When I search text in a single file and write out just that one file, it acts as expected. It creates a new file in the subdirectory "output", with the existing text "This", and the addition of the text "And That" on the next line. However, when I am iterating through all the files in a sub-directory, I'm getting double the new text. I don't get why. Here is the code:
import os
import shutil
import pathlib
def replace_text_in_multiple_files(input_path, output_path):
search_text = "This"
new_text = "This\nAndThat"
shutil.rmtree(output_path)
os.mkdir(output_path)
for subdir, dirs, files in os.walk(input_path):
for file in files:
input_file_path = subdir + os.sep + file
output_file_path = output_path + os.sep + file
if input_file_path.endswith(".txt"):
s = pathlib.Path(input_file_path).read_text()

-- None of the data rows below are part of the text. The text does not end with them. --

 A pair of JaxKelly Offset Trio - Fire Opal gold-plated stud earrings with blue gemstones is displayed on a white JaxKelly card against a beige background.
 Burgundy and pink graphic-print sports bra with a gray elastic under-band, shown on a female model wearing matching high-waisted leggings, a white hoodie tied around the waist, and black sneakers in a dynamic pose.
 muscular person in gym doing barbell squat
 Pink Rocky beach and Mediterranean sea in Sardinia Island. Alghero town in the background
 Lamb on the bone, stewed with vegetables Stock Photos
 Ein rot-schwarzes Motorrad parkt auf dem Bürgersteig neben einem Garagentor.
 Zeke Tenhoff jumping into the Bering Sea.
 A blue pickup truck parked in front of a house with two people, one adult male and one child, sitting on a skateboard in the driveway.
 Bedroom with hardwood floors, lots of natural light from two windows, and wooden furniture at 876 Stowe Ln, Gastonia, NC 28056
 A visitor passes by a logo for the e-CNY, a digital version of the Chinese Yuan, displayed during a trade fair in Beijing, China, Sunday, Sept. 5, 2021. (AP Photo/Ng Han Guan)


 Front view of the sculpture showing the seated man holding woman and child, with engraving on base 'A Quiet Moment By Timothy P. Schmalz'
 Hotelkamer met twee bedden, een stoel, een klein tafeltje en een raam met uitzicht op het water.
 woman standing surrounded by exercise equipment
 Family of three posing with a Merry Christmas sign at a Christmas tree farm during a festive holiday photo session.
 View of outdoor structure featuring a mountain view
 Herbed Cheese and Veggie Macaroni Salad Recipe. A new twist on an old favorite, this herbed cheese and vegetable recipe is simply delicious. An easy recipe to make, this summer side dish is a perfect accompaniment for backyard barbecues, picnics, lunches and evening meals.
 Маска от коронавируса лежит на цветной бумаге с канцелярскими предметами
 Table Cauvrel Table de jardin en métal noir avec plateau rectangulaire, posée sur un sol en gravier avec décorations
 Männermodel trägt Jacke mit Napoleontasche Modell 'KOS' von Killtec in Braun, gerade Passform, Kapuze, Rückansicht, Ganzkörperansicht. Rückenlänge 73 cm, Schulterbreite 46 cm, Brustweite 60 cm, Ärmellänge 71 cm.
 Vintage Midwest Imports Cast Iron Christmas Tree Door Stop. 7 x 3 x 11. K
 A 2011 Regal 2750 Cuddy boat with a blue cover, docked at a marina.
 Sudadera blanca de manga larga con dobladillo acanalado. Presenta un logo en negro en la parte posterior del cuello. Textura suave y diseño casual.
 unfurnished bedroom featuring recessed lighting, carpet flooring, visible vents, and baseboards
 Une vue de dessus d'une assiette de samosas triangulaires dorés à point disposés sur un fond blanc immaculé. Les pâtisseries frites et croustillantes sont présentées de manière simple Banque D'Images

s = s.replace(search_text, new_text)
with open(output_file_path, "w") as f:
f.write(s)
def replace_text_in_a_single_files(input_file_path, output_file_path):
search_text = "This"
new_text = "This\nAndThat"
s = pathlib.Path(input_file_path).read_text()
s = s.replace(search_text, new_text)
with open(output_file_path, "w") as f:
f.write(s)
replace_text_in_multiple_files("D:\\Test\\", "D:\\Test\\output\\")
#replace_text_in_a_single_files("D:\\Test\\File1.txt", "D:\\Test\\output\\File1.txt")
In the directory 'D:\Test' I have 3 text files. Each of the text files contains the following text:
This
is
a
test
If I run 'replace_text_in_a_single_files' in the code, it opens File1.txt, searches for the text, replaces that text with the same text plus the value 'And That', and then writes that out to a new file in the output subdirectory, which results in the following:
This
And That
is
a
test
However, when I run replace_text_in_multiple_files which does the same thing, just to a bunch of files instead of just one, each of the new files gets a doubling of the replacement text, resulting in the following:
This
AndThat
AndThat
is
a
test
So, it's like it's executing the replacement code twice. But why? And why only when it's iterating?
I was expecting that it would just produce the following text in each of the files.
This
AndThat
is
a
test
You're iterating over the input files as well as your own output files:
import os
import shutil
import pathlib
def replace_text_in_multiple_files(input_path, output_path):
search_text = "This"
new_text = "This\nAndThat"
shutil.rmtree(output_path)
os.mkdir(output_path)
for subdir, dirs, files in os.walk(input_path):
for file in files:
print(subdir, file)
input_file_path = subdir + os.sep + file
output_file_path = output_path + os.sep + file
if input_file_path.endswith(".txt"):
s = pathlib.Path(input_file_path).read_text()
s = s.replace(search_text, new_text)
with open(output_file_path, "w") as f:
f.write(s)
def replace_text_in_a_single_files(input_file_path, output_file_path):
search_text = "This"
new_text = "This\nAndThat"
s = pathlib.Path(input_file_path).read_text()
s = s.replace(search_text, new_text)
with open(output_file_path, "w") as f:
f.write(s)
replace_text_in_multiple_files("./Test", "./Test/output/")
./Test File3.txt
./Test File2.txt
./Test File1.txt
./Test/output File3.txt
./Test/output File2.txt
./Test/output File1.txt
Your script writes each output file once it "sees" a file in the input folder, but then os.walk
"discovers" files with the same name in the output folder and proceeds to iterate over those.